The best known Ephesia Grammata are a group of six words:
ΑΣΚΙ(ΟΝ) ΚΑΤΑΣΚΙ(ΟΝ) ΛΙΞ ΤΕΤΡΑΞ ΔΑΜΝΑΜΕΝΕΥΣ ΑΙΣΙΟΝ (or ΑΙΣΙΑ)
aski(on) kataski(on) lix tetrax damnameneus aision (aisia)
A version of this formula seems to be attested by a damaged inscription from Himera, Sicily, which must date to before the Carthaginian destruction of the city in 409 BC. The next earliest epigraphic evidence for the formula comes from the 4th century BC, and it continues to re-appear on magical papyri throughout the Hellenistic period. The words sometimes occur in significantly different variants, for example on the lead tablet of Phalasarna, Crete:
ασκι κατασκι αασιαν ενδασιαν
aski kataski aasian endasian

There were various attempts by ancient authors to make sense of the words.
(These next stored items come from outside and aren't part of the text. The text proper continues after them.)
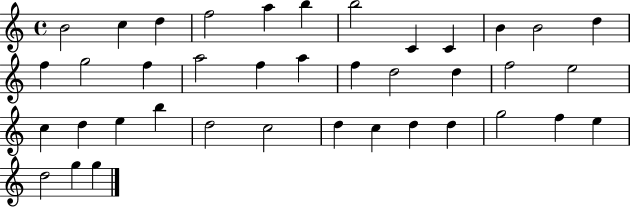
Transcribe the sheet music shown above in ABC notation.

X:1
T:Untitled
M:4/4
L:1/4
K:C
B2 c d f2 a b b2 C C B B2 d f g2 f a2 f a f d2 d f2 e2 c d e b d2 c2 d c d d g2 f e d2 g g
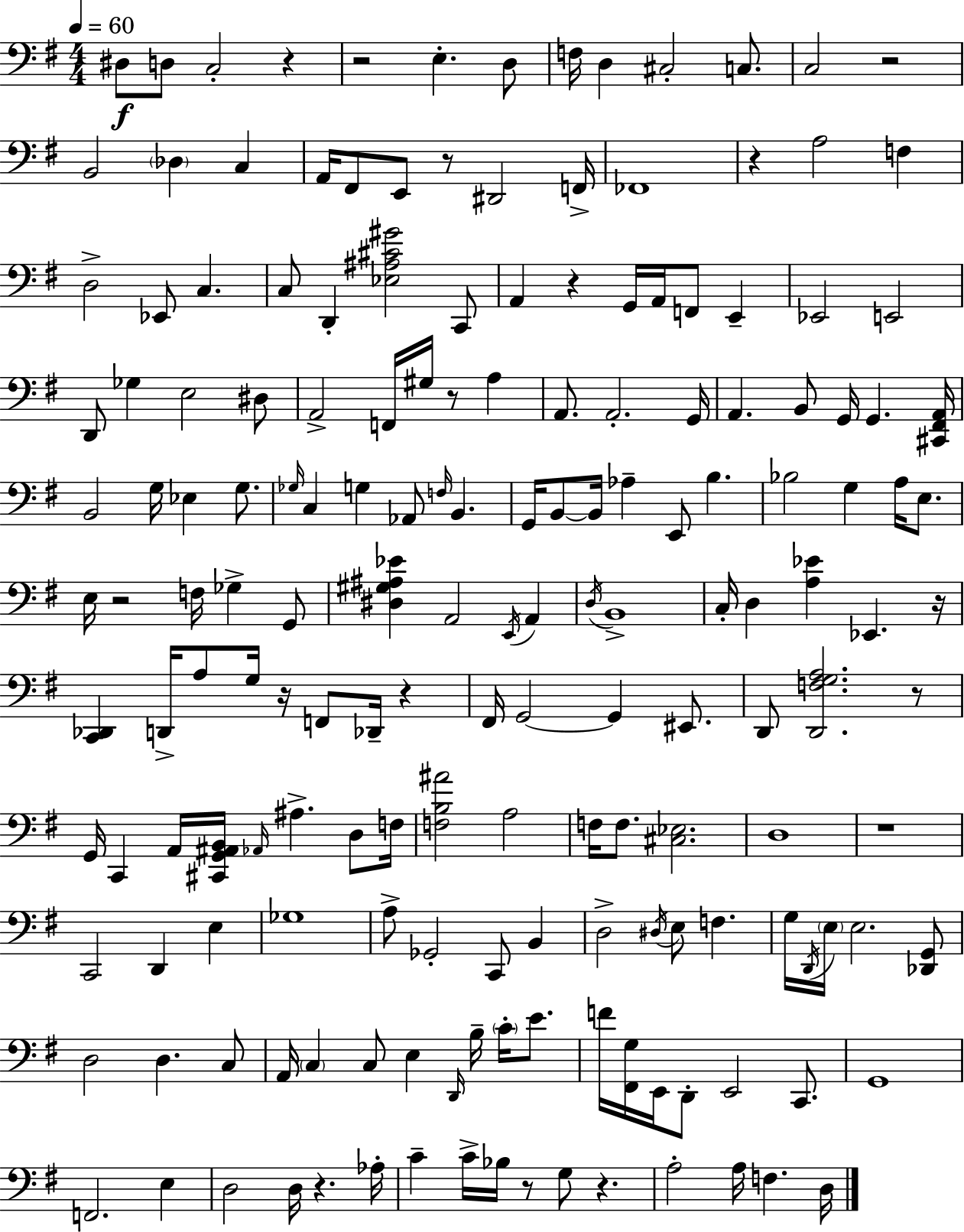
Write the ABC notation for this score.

X:1
T:Untitled
M:4/4
L:1/4
K:G
^D,/2 D,/2 C,2 z z2 E, D,/2 F,/4 D, ^C,2 C,/2 C,2 z2 B,,2 _D, C, A,,/4 ^F,,/2 E,,/2 z/2 ^D,,2 F,,/4 _F,,4 z A,2 F, D,2 _E,,/2 C, C,/2 D,, [_E,^A,^C^G]2 C,,/2 A,, z G,,/4 A,,/4 F,,/2 E,, _E,,2 E,,2 D,,/2 _G, E,2 ^D,/2 A,,2 F,,/4 ^G,/4 z/2 A, A,,/2 A,,2 G,,/4 A,, B,,/2 G,,/4 G,, [^C,,^F,,A,,]/4 B,,2 G,/4 _E, G,/2 _G,/4 C, G, _A,,/2 F,/4 B,, G,,/4 B,,/2 B,,/4 _A, E,,/2 B, _B,2 G, A,/4 E,/2 E,/4 z2 F,/4 _G, G,,/2 [^D,^G,^A,_E] A,,2 E,,/4 A,, D,/4 B,,4 C,/4 D, [A,_E] _E,, z/4 [C,,_D,,] D,,/4 A,/2 G,/4 z/4 F,,/2 _D,,/4 z ^F,,/4 G,,2 G,, ^E,,/2 D,,/2 [D,,F,G,A,]2 z/2 G,,/4 C,, A,,/4 [^C,,G,,^A,,B,,]/4 _A,,/4 ^A, D,/2 F,/4 [F,B,^A]2 A,2 F,/4 F,/2 [^C,_E,]2 D,4 z4 C,,2 D,, E, _G,4 A,/2 _G,,2 C,,/2 B,, D,2 ^D,/4 E,/2 F, G,/4 D,,/4 E,/4 E,2 [_D,,G,,]/2 D,2 D, C,/2 A,,/4 C, C,/2 E, D,,/4 B,/4 C/4 E/2 F/4 [^F,,G,]/4 E,,/4 D,,/2 E,,2 C,,/2 G,,4 F,,2 E, D,2 D,/4 z _A,/4 C C/4 _B,/4 z/2 G,/2 z A,2 A,/4 F, D,/4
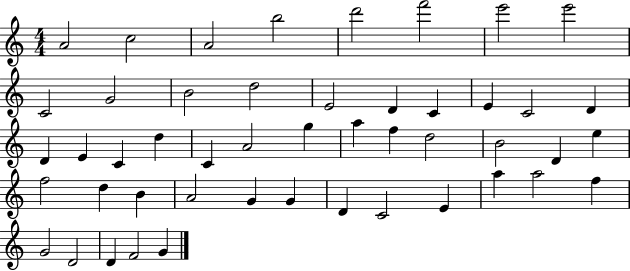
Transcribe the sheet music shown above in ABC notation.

X:1
T:Untitled
M:4/4
L:1/4
K:C
A2 c2 A2 b2 d'2 f'2 e'2 e'2 C2 G2 B2 d2 E2 D C E C2 D D E C d C A2 g a f d2 B2 D e f2 d B A2 G G D C2 E a a2 f G2 D2 D F2 G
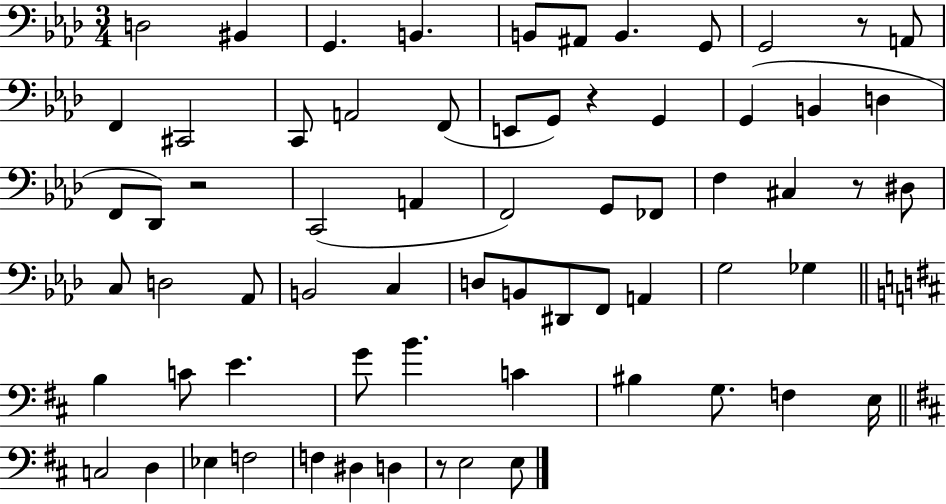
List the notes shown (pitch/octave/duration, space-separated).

D3/h BIS2/q G2/q. B2/q. B2/e A#2/e B2/q. G2/e G2/h R/e A2/e F2/q C#2/h C2/e A2/h F2/e E2/e G2/e R/q G2/q G2/q B2/q D3/q F2/e Db2/e R/h C2/h A2/q F2/h G2/e FES2/e F3/q C#3/q R/e D#3/e C3/e D3/h Ab2/e B2/h C3/q D3/e B2/e D#2/e F2/e A2/q G3/h Gb3/q B3/q C4/e E4/q. G4/e B4/q. C4/q BIS3/q G3/e. F3/q E3/s C3/h D3/q Eb3/q F3/h F3/q D#3/q D3/q R/e E3/h E3/e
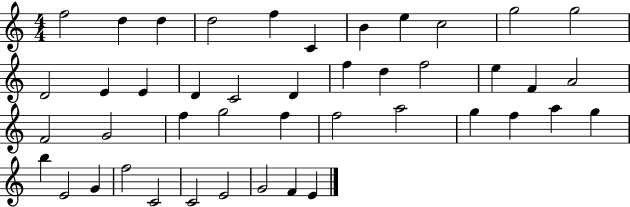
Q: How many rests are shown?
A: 0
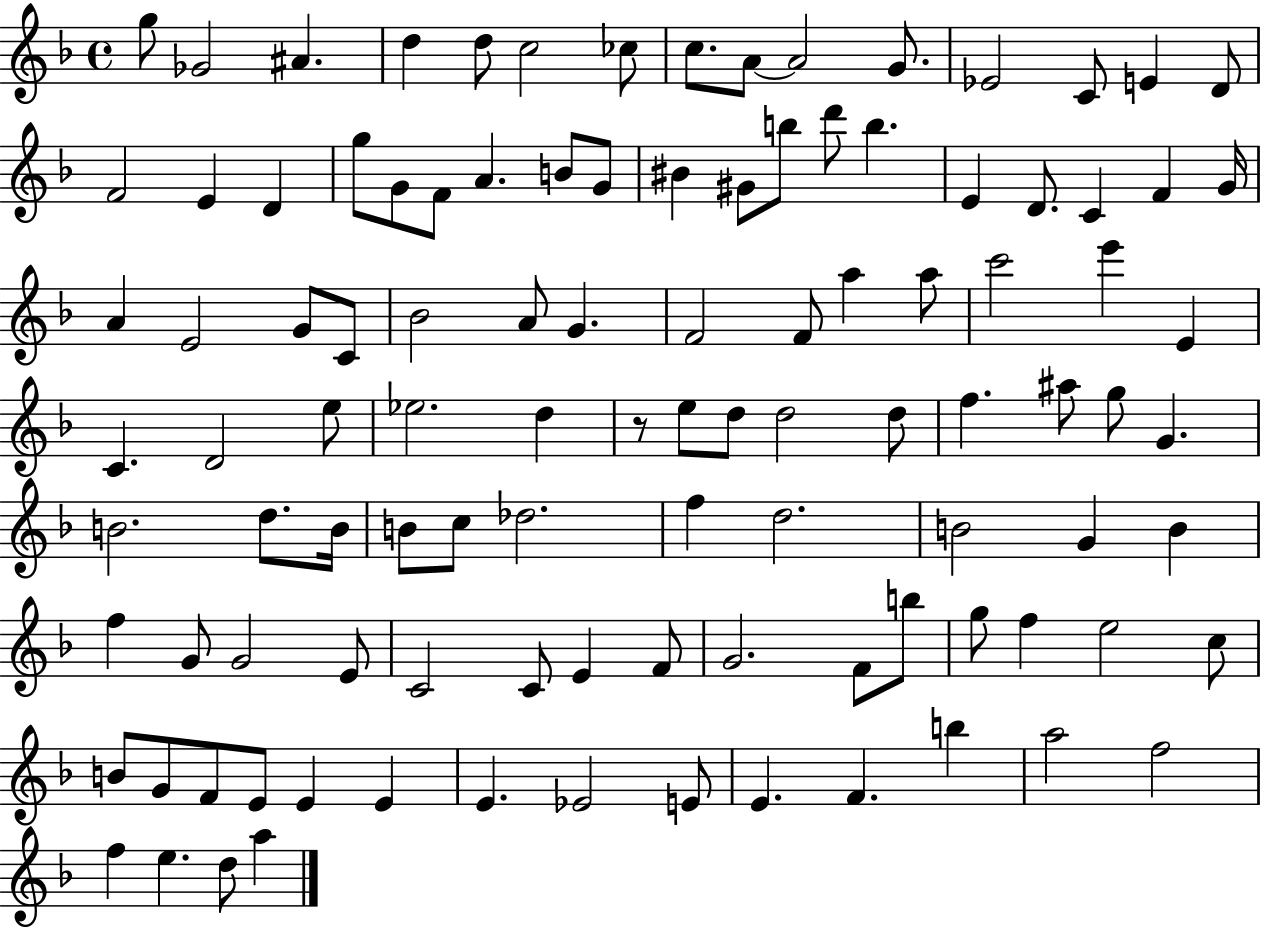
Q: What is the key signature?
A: F major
Damnameneus was interpreted as the name of a Dactyl.
Androcydes proposed an interpretation as philosophical symbols (Clement, Stromata 5, 8, 45, 2):
aski (ἄσκιον "shadowless") as "darkness", kataski (κατάσκιον "shadowy") as "brightness" (brightness being necessary in order to cast shadows), lix (Hsch.: "λίξ: πλάγιος, καὶ λίθος πλατύς") as an ancient term for "Earth", and tetrax (τετραξός "fourfold") as the year (the four seasons), Damnameneus as "Sun" and aisia (αἴσιος "right, fitting, auspicious") as Logos.

The Suda describes the Ephesian letters as certain spells that are difficult to understand. They are said to have been spoken by King Croesus while on his funeral pyre (who was said to have been miraculously saved from the pyre through the use of these spells). An anecdote recounts that at Olympia, during a wrestling match between a Milesian and an Ephesian, the Milesian was unable to wrestle because the Ephesian had the Ephesian letters bound around his ankle. When this became apparent and the letters were removed, the Ephesian immediately fell repeatedly.